Exercise details: From the data underneath, reproduce exactly the stretch that begins at the line with "5FNYF3H51BB041891 - 2011" and ends after the line with "Abalone Snäckskal Pärlhalsband - Image 3".

Short descriptive text snippets
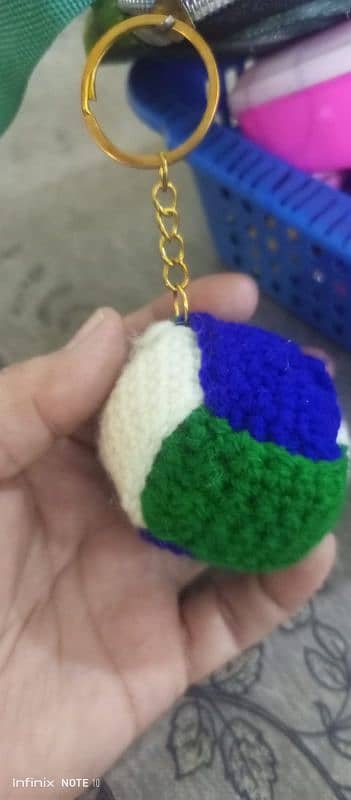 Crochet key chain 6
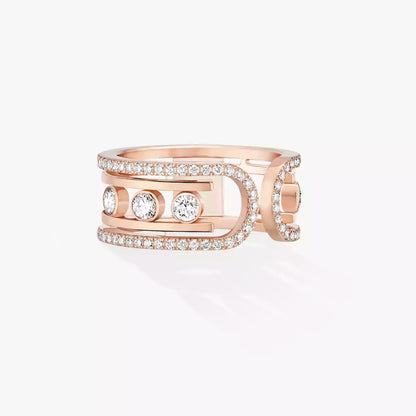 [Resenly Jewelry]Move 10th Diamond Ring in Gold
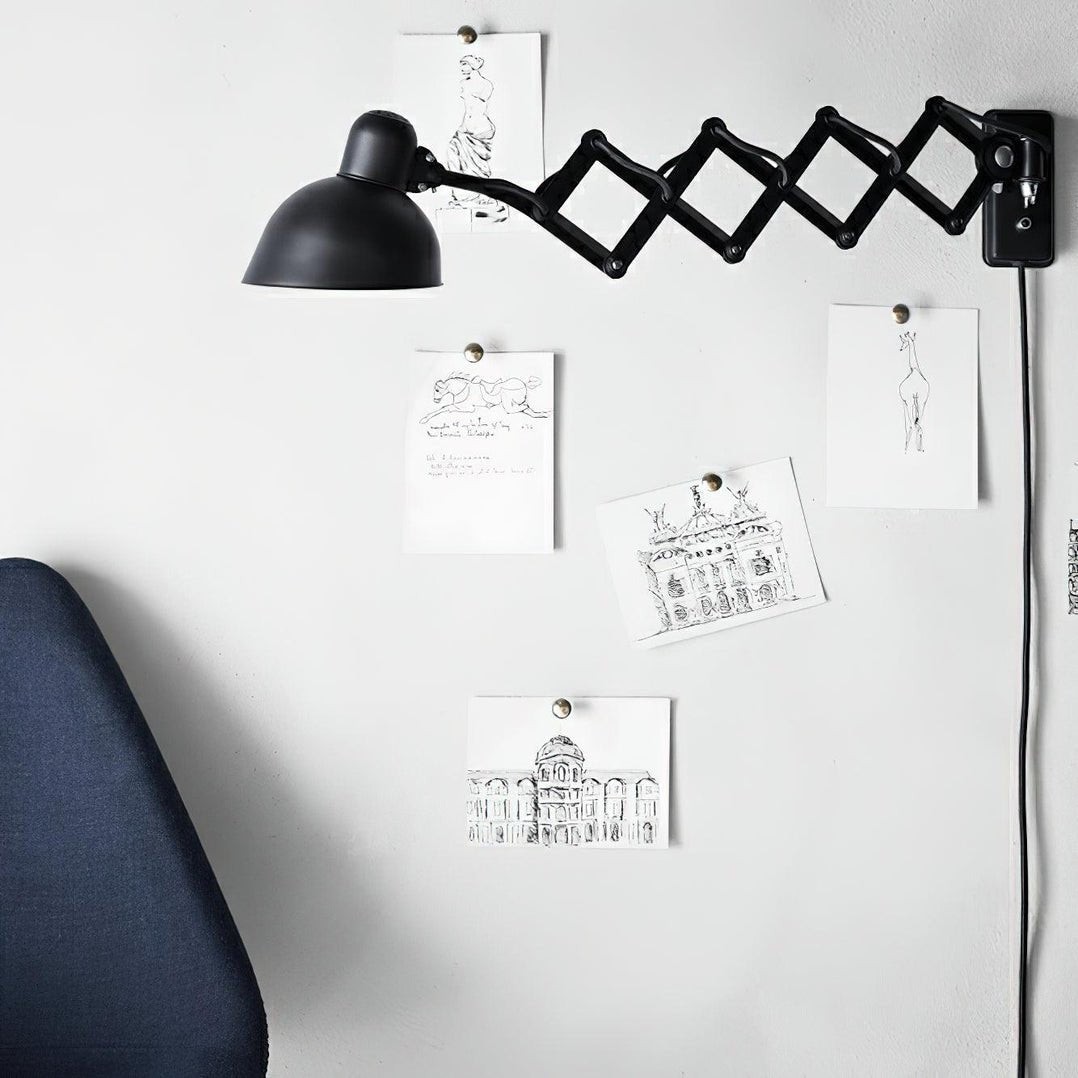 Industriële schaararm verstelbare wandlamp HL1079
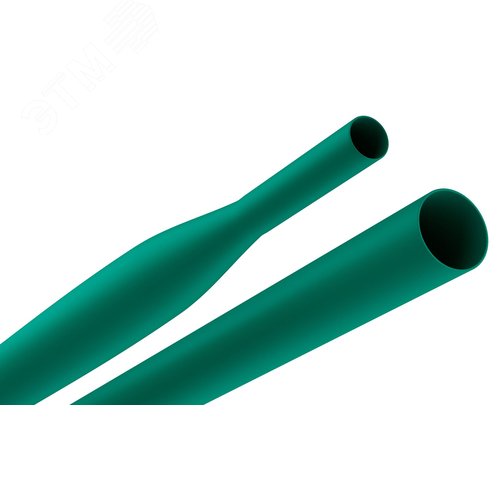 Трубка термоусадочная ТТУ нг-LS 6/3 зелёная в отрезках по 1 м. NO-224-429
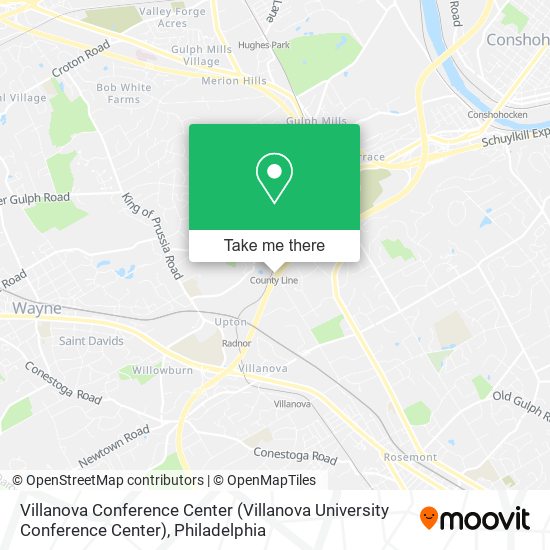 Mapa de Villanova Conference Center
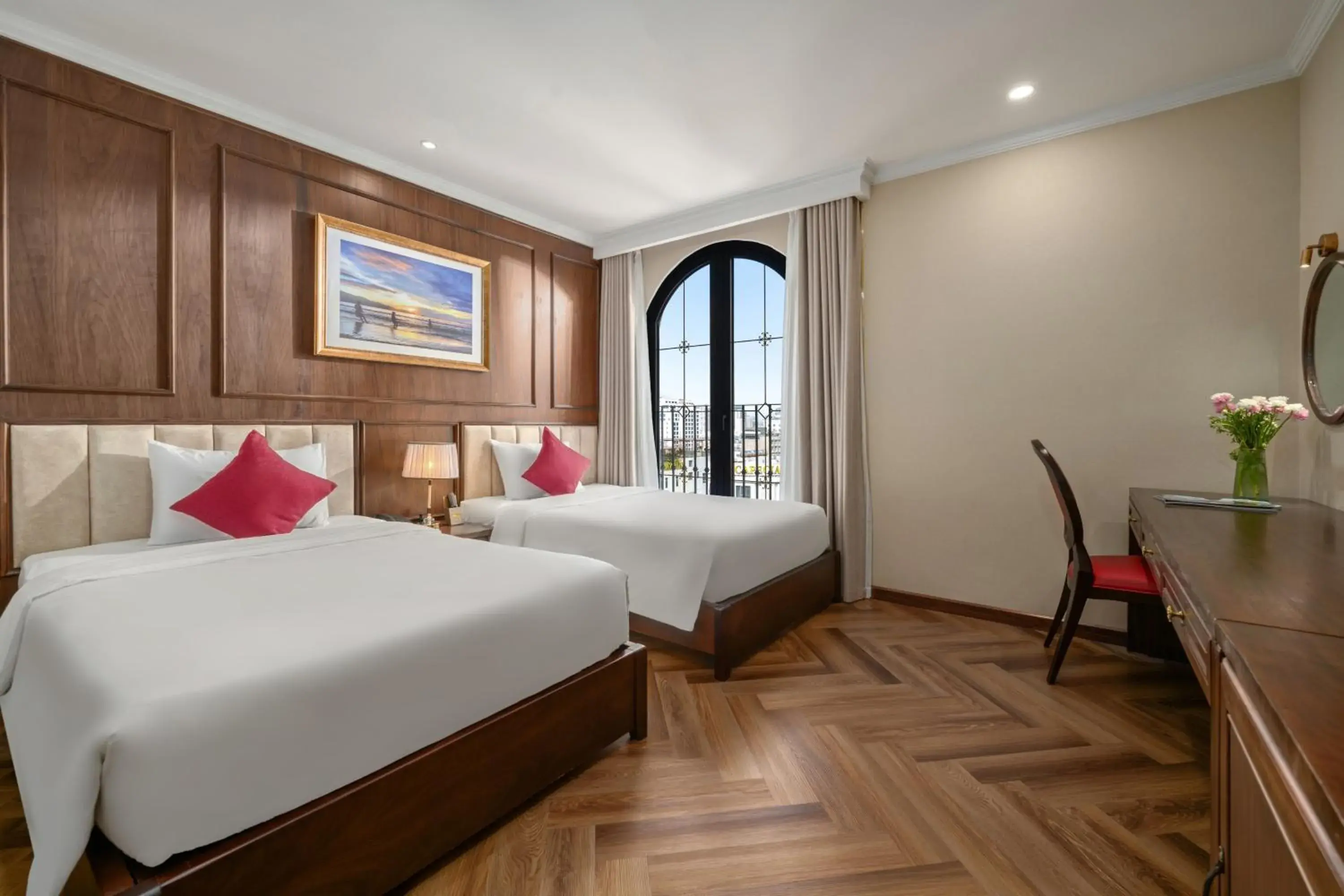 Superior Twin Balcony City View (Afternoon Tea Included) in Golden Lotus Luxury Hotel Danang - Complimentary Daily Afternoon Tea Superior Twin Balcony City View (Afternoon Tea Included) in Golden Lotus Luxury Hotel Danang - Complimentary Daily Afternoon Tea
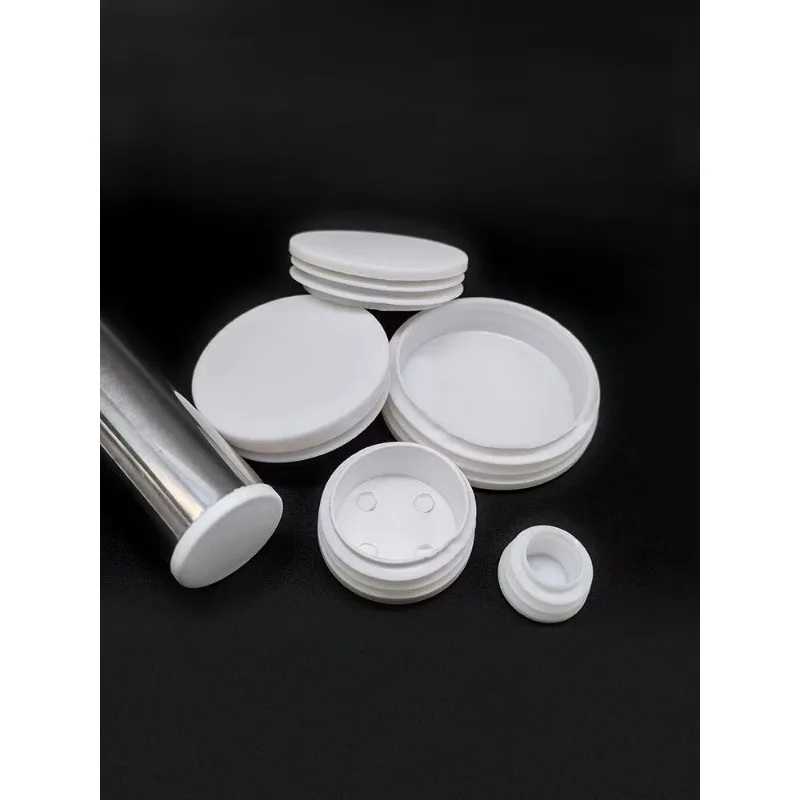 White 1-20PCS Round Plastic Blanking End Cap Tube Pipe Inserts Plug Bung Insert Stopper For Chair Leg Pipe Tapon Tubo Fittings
--
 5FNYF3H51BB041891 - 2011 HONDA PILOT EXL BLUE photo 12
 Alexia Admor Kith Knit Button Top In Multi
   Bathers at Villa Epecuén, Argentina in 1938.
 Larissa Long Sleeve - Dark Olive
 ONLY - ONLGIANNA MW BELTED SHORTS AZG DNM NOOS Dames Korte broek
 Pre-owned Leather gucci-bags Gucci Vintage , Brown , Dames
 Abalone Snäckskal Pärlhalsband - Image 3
...
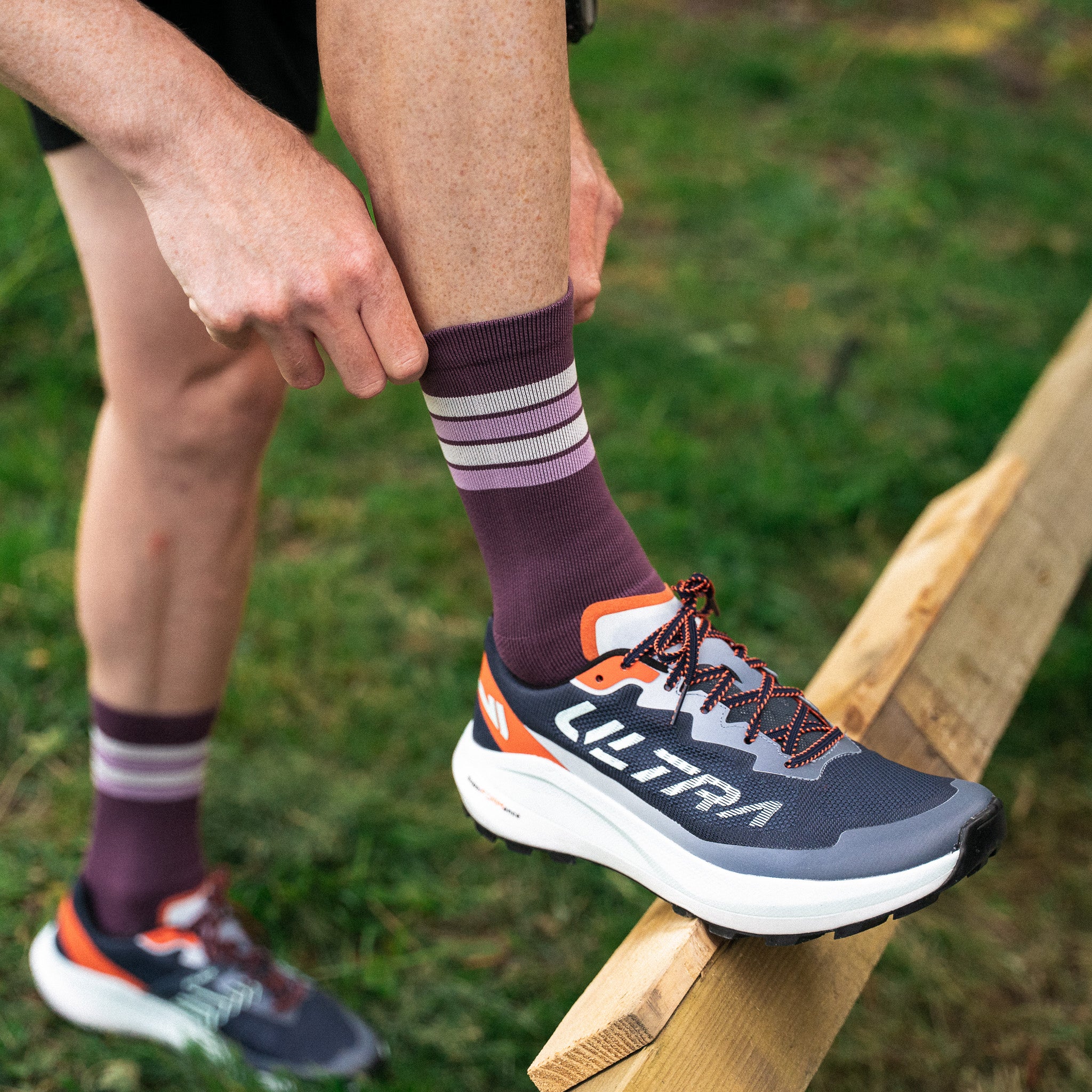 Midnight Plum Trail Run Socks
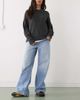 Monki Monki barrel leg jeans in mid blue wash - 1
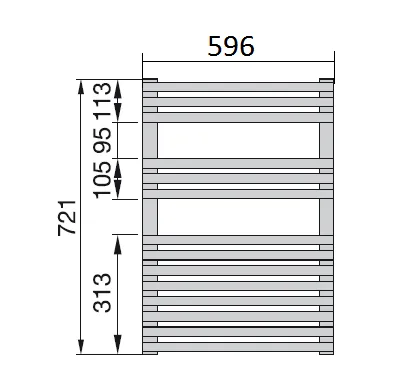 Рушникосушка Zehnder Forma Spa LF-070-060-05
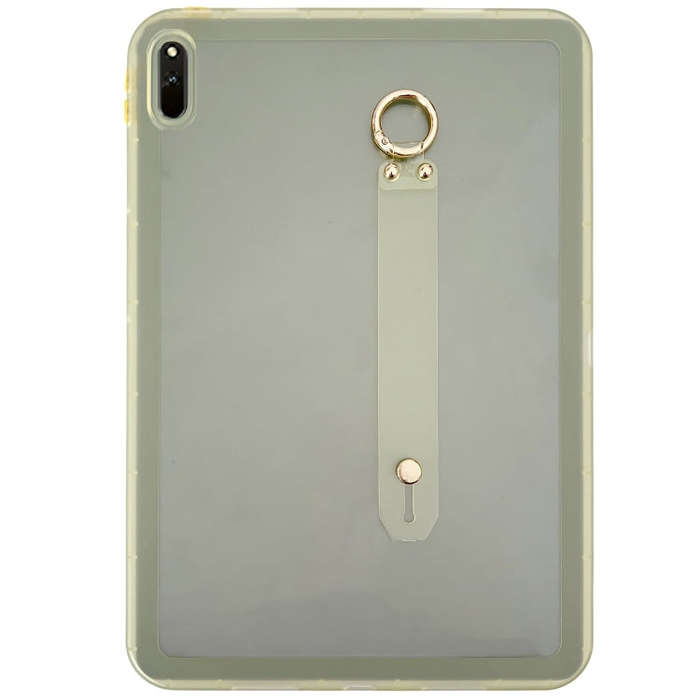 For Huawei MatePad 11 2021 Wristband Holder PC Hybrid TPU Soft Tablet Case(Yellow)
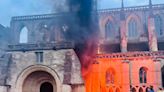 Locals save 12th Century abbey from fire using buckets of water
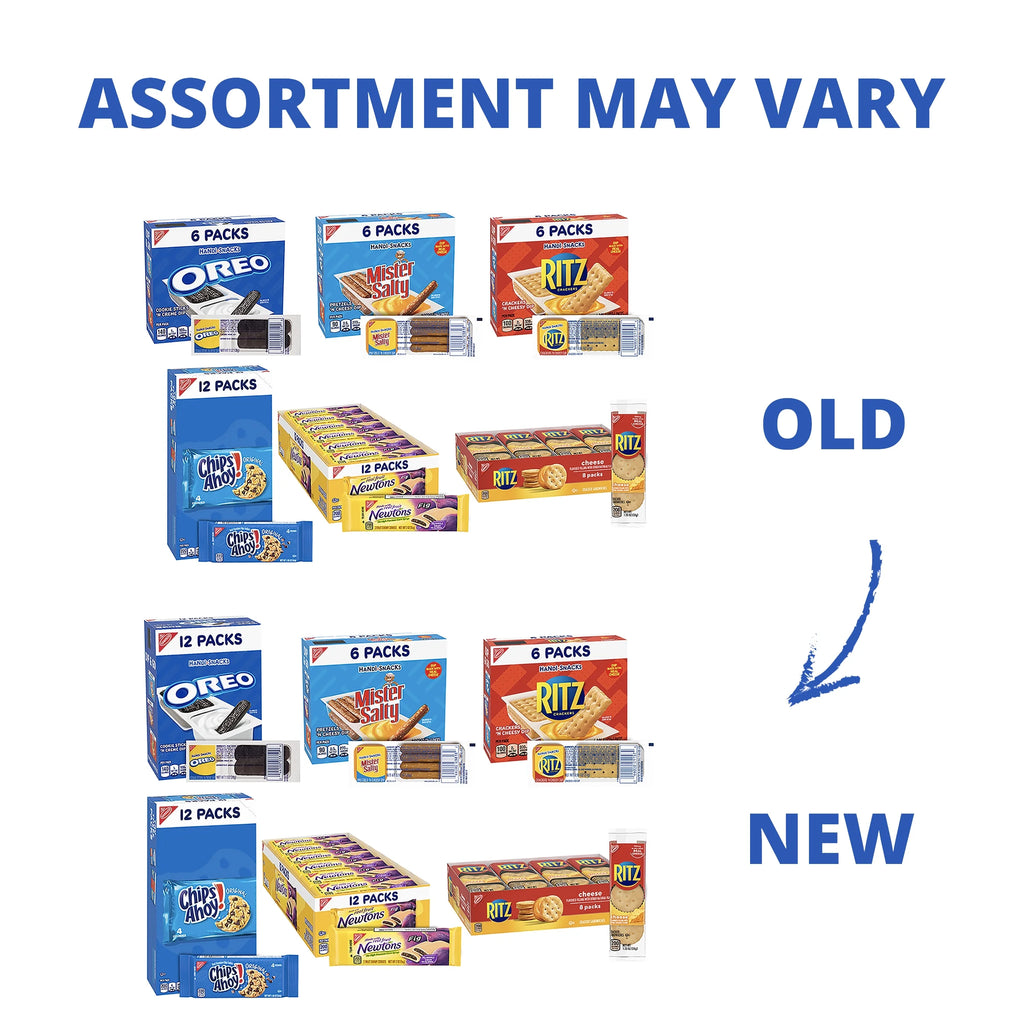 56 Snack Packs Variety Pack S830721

Solution to the problem:
 5FNYF3H51BB041891 - 2011 HONDA PILOT EXL BLUE photo 12
 Alexia Admor Kith Knit Button Top In Multi
   Bathers at Villa Epecuén, Argentina in 1938.
 Larissa Long Sleeve - Dark Olive
 ONLY - ONLGIANNA MW BELTED SHORTS AZG DNM NOOS Dames Korte broek
 Pre-owned Leather gucci-bags Gucci Vintage , Brown , Dames
 Abalone Snäckskal Pärlhalsband - Image 3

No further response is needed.